Examination of Witnesses (Questions 100 - 119)



  Q100  Stephen Williams: So the STEM subjects will start in 2010, not 2009, is that right?

  Professor Eastwood: It will be phased in for the funding of STEM subjects from 2010-11 onwards, yes.

  Q101  Stephen Williams: But with the separate metrics exercise for STEM subjects, was that not meant to start in 2009 or are you saying the shadow exercise will give you enough information coupled with the RAE to lead to funding for some of these institutions?

  Professor Eastwood: Once we have built the new model, if we can just stay with STEM for a moment, that model could work with annual data, so one of the questions that we need to have discussions with the sector and other stakeholders on is the frequency with which we run the model. If you assume that the model is going to be run annually on the basis of annually collected data then we would run it in time to inform the funding outcomes in 2010-11.

  Q102  Stephen Williams: We have been led to believe that STEM subjects might have their first review under the new system in 2009 but from what you are saying it might be 2010.

  Professor Eastwood: It would be 2009 data to inform 2010-11 outcomes.

  Q103  Stephen Williams: Are you at all worried about the distorting effect that the RAE itself, the change to the new system, uncertainty about what the new system might be, has on institutions' behaviour? Just like in the Health Service targets distort priorities, some of us might say, do you think this distorts academic priorities?

  Professor Eastwood: Do you mean the existence of an RAE or the perturbations that we have experienced recently?

  Q104  Stephen Williams: Well, both really. Does the RAE itself distort academic priorities and is there a concern that the new system might do the same?

  Professor Eastwood: My own view, going back to 1986, and you have heard me on this before, is that the impact of the RAE has been broadly beneficial, but we acknowledge that we have arrived at a point where the RAE may be over-engineered and there is significant evidence that it does have some unanticipated and unfortunate consequences. I think that is exacerbated because institutions call the RAE in aid, that is to say, "We are doing this because of the RAE", whereas in fact they are doing it for good local institutional reasons but the RAE is a convenient shroud to wave. I think the different methodology that we are adopting for the RAE of 2008 is a response to some of the criticisms made of earlier RAEs, not least the 2001 RAE, and the system of research assessment that we are in the process of developing will, I believe, further diminish the distorting outcomes of RAE whilst preserving the beneficial effects of both research assessment and research funding

  Q105  Stephen Williams: My colleague Gordon Marsden, who is exploding next to me at the moment, was asking about the priority of teaching over research or vice versa earlier. Just to come back to my hypothetical University of Lindisfarne, let us just suppose that the University of Lindisfarne had a poor RAE assessment for theology, which, of course, is a core subject for this university, in the past. In order to get a better one in 2008, if it focused all its staff efforts on the RAE and remodelled its timetable so that the students who are now paying £3,000 fees for their courses felt they were not getting a rum deal, would that not be distorting behaviour, an exercise to inform one set of funding actually distorting another part of a university's activities?

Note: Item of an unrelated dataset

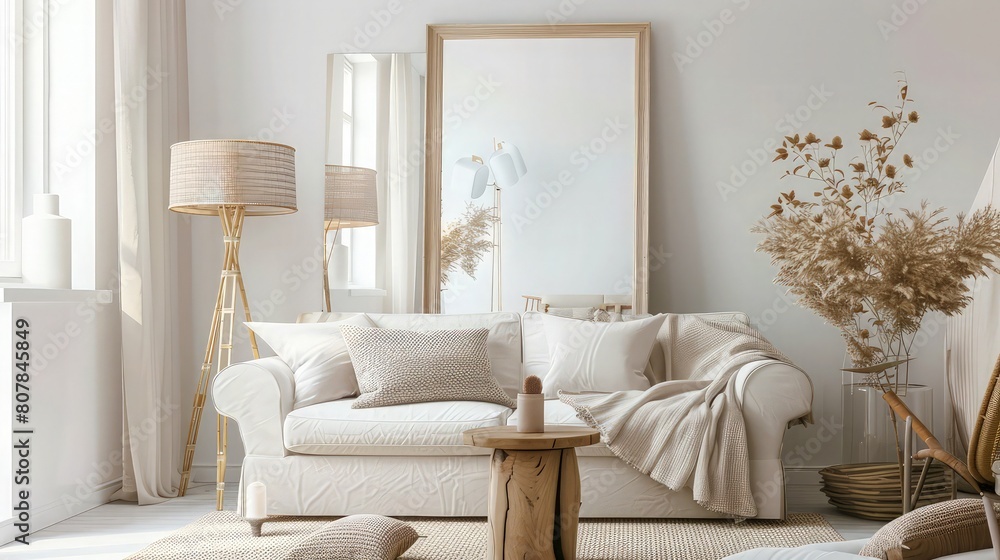 Fototapeta premium Modern living room interior featuring a comfortable sofa with pillows and a wooden floor lamp set against a solid neutral background.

  Professor Eastwood: The example is a delicious one and I am sure Bede would have scored very well in the RAE but, leaving that aside, if this answers your question, in the environment into which we are now moving institutions' understanding of where their funding is coming from is critical; it goes back to my earlier comments on Trac for T, and though institutions will have some flexibility in the way in which they invest their income, an institution which was substantially raiding its teaching income in order to underwrite research which was not otherwise being funded would be an institution, I think, which would struggle to provide the kind of student experience that Lindisfarnians would expect.

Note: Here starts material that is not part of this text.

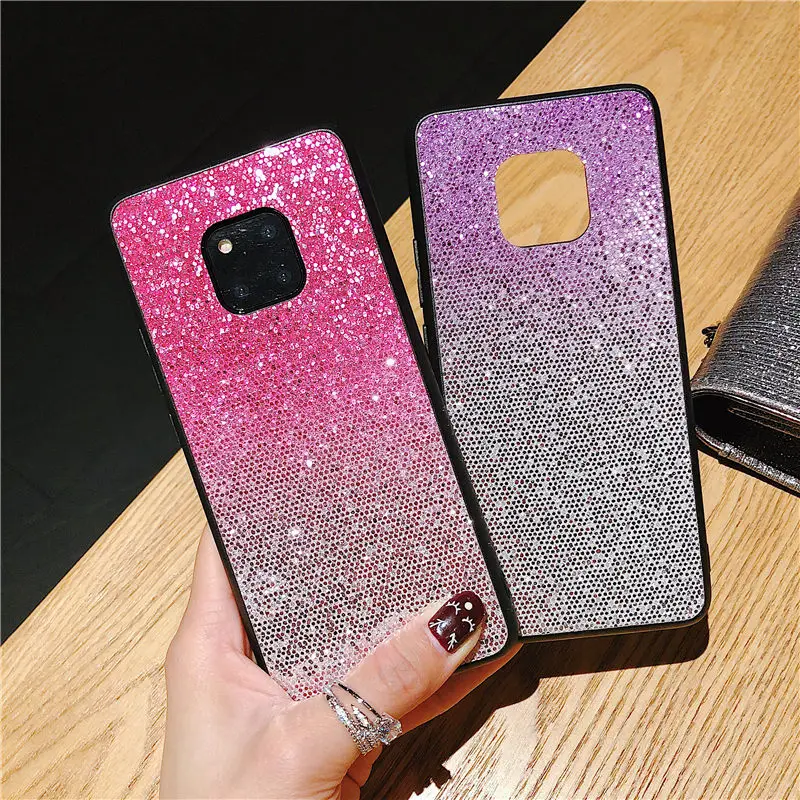 

Case for Huawei Mate 20 Pro Silicone Case Gradient Bling Glitter Crystal Sequins Soft Back Cover for Huawei Mate 20 Lite Fundas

  Q106  Stephen Williams: Even if the course was massively over-subscribed normally?

  Professor Eastwood: That is an interesting question about brand and the extent to which brand will be uninfluenced by those issues of quality and investment in teaching, and I suspect they will be important.

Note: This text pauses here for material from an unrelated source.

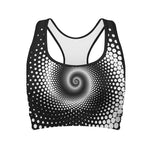 Black And White Spiral Dot Print Women's Sports Bra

  Q107  Stephen Williams: Looking forward to the future, while we were in Australia on our expensively funded trip we met the Chief Scientific Adviser of Australia who was talking about what they move into in Australia and they can have an impact assessment as part of their equivalent of the RAE. We are going to have something called a quality indicator, I think. Is that the same?

  Professor Eastwood: I think it is broadly similar. In terms of the new methodology, we will be looking at, amongst other things, output and their impact, and we will also be seeking to develop impact measures which are appropriate for applied research as well for blue-skies research.

  Q108  Stephen Williams: In terms of the whole basis of funding research on quality, whether it has got an impact assessment or not, is not the danger of that (and some parts of the sector might say it already happens) that it leads to a concentration of government funding in certain institutions and it is very hard for newer universities, whether it is Lindisfarne or elsewhere, to get these vast amounts of money in order to have well-funded departments with the capital equipment they need in order to grow a reputation?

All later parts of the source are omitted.